# Report: Wine Quality #
---

## Data Preprocessing ##
---

**Purpose:** Make sure that the model isn't learning garbage. <br>
**Check:** Missing values, outliers, scaling, skewed variables.

**Missing Values:**<br>
The wine dataset has no null/missing values. 

**Outliers:**<br>
The points shown outside the whiskers of the boxplots represent values that fall more than 1.5 × IQR from the middle 50% of the data. The boxplot flags these as potential outliers, but in this dataset a lot of these values are not errors or anomalies. The wine chemistry variables (such as sulphates, residual sugar, and chlorides) are naturally skewed (their values are not evenly distributed around the center). Because of this skewness, the standard boxplot rule identifies a large number of observations as outliers, even though they are legitimate measurements. The observations are retained to preserve the true variability of the data. Removing them could distort the relationships between variables and negatively affect the regression analysis. The presence of skewed distributions motivates the use of transformed regression models (like log, square-root, Box-Cox, or Yeo-Johnson transformations), which help stabilize variance and improve model fit without discarding valid data.
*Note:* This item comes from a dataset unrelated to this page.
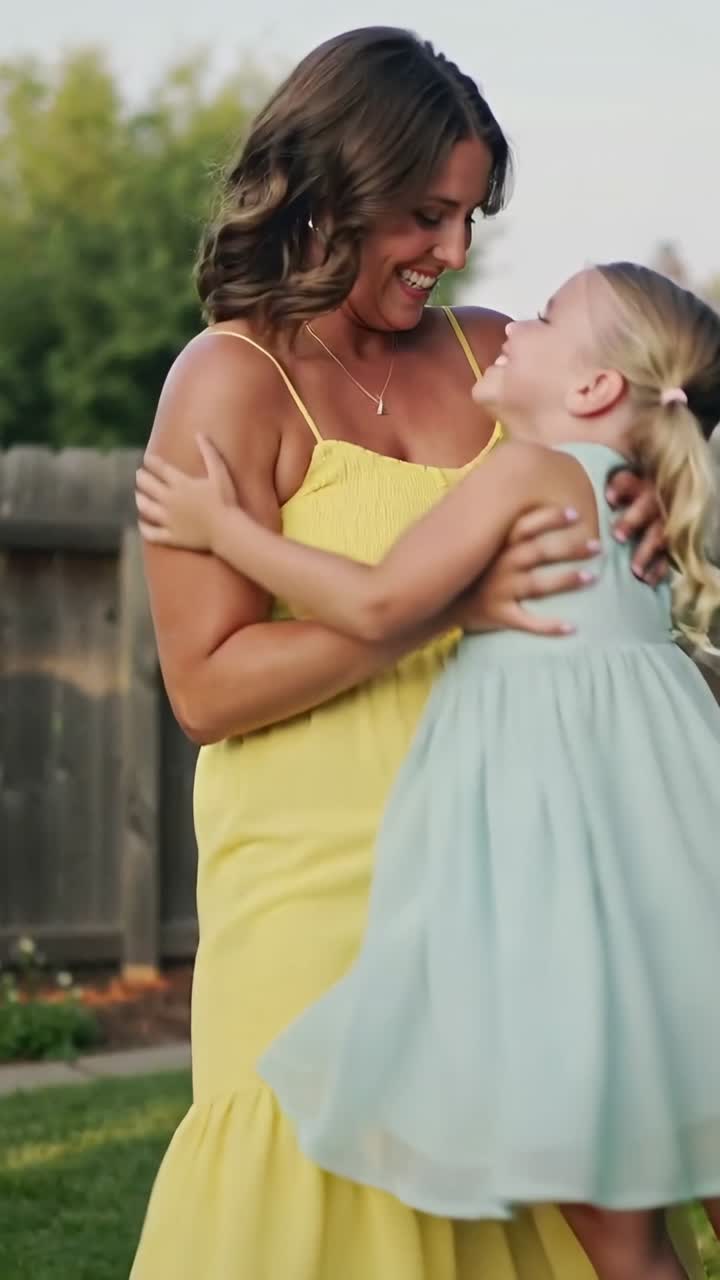 Vertikales Video: Mutter im Sommerkleid bückt sich im Garten; ein Mädchen in Blau rennt von rechts, um sie zu umarmen.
## Exploratory Data Analysis (EDA) ##
---

We use the EDA to justify our modeling choices later on.

**Check:** 
* Variable relationships with target:
    * Checking correlation strength revealed several predictors (particularly alcohol, volatile acidity, and sulphates) show clear relationships with wine quality. However, some relationships display curvature, suggesting violations of linearity assumptions.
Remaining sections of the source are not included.